Un autre problème va de toute évidence se poser en rapport avec cette interdiction dans la fourchette horaire indiquée: Combien y a-t-il encore de taxis à Douala ? Et ceux qui habitent dans des quartiers non goudronnés et inaccessibles aux taxis qui eux aussi, comme les piétons, auront peur pour leur sécurité. En gros, cette mesure crée un problème dans le problème, sans y apporter une solution de cheval. Mauvaise solution à un vrai problème, serait-on tenté de dire.
Il m’est revenu que la circulation concerne les centres villes mais pas les quartiers. Une sensibilisation de masse doit être faite dans ce sens. Et si c’est le cas, est-ce que ces “microbes” répugnants qui mettent en péril la circulation et surtout la vie des citoyens épargnent alors les quartiers situés en dehors des centres-villes? Makea, Mbanga Pongo, Bepanda, Cité sic, Mabanda et bien d’autres quartiers sont-ils épargnés par ce phénomène détestable des “microbes”? Que feront entre-temps ceux qui arrondissent leurs fins de mois avec cette activité secondaire effectuée en marge de leur activité principale entre 18h et 22h ou minuit ? Si on regarde aînsi, on ne résoudra aucun problème, me dira-t-on. Je suis d’accord que le phénomène des microbes est préoccupant voire inquiétant. En même temps, il vaut mieux ne pas créer un autre problème en sus du vrai problème.

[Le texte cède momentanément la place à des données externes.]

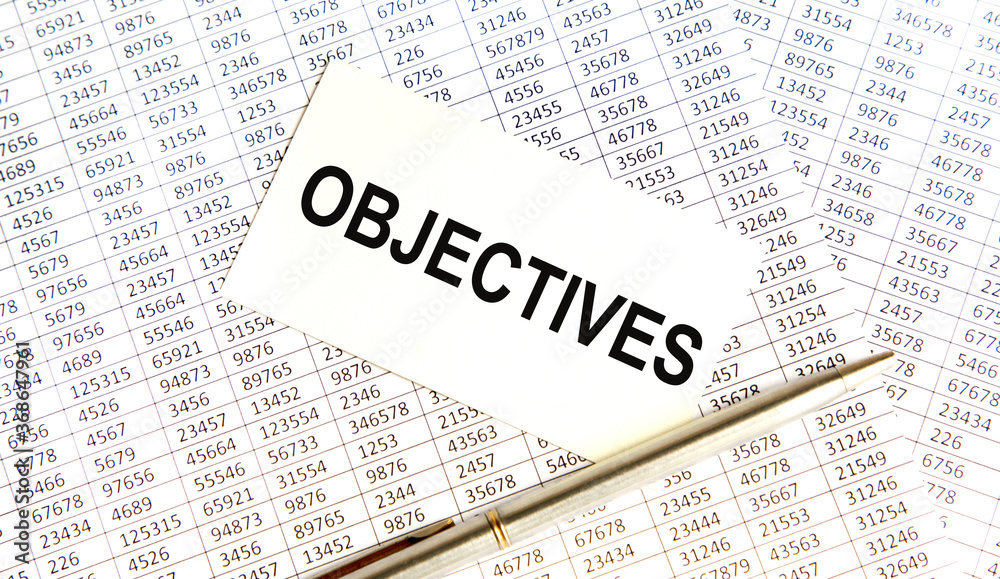 Paper with text objective on wood table Paper with text objective on wood table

Des mesures à court terme et à moyen terme peuvent être implémentées à savoir :
- – Contrôler et Identifier systématiquement toutes les motos en circulation et appliquer rigoureusement la réglementation en vigueur en cas d’infraction.
- – Multiplier les contrôles inopinés dans les carrefours ou lieux de stationnement des motos taxis
- – Procéder en collaboration avec les maires au recensement des personnes dans les maisons de quartiers sous la coordination des sous-préfets et des auxiliaires d’administration que sont les chefs de quartier.
- – Augmenter le budget des unités de police et de gendarmerie et Mettre les moyens adéquats dans le renseignement prévisionnel.
- – Procéder au recensement général de la population pour avoir le nombre réel des habitants de la ville de Douala et par conséquent le nombre d’unités de police et de gendarmerie nécessaire pour la ville de Douala.
- – Désengorger les centres villes en créant de nouvelles infrastructures dans la périphérie de la ville (routières, alimentation en eau et en électricité, écoles). Pour ce faire, il faut une augmentation significative des ressources des CTD. La norme est de consacrer un minimum de 7% du PIB de la ville aux CTD pour les besoins en infrastructures de base. Douala a un PIB de 3070 milliards de FCFA. 3% x 3070 milliards de FCFA, ça fait environ 210 milliards de FCFA. Soit environ 3 fois les recettes annuelles actuellues de toutes les CTD réunies de la ville de Douala, y compris le conseil régional qui y siège.
- – Il faudrait également qu’on prêche par l’exemple au niveau national en matière de justice sociale, de méritocratie républicaine et que soit mis fin à l’impunité de certains cartels disposant de puissantes excroissances tapies dans les cercles insoupçonnés du pouvoir gouvernant.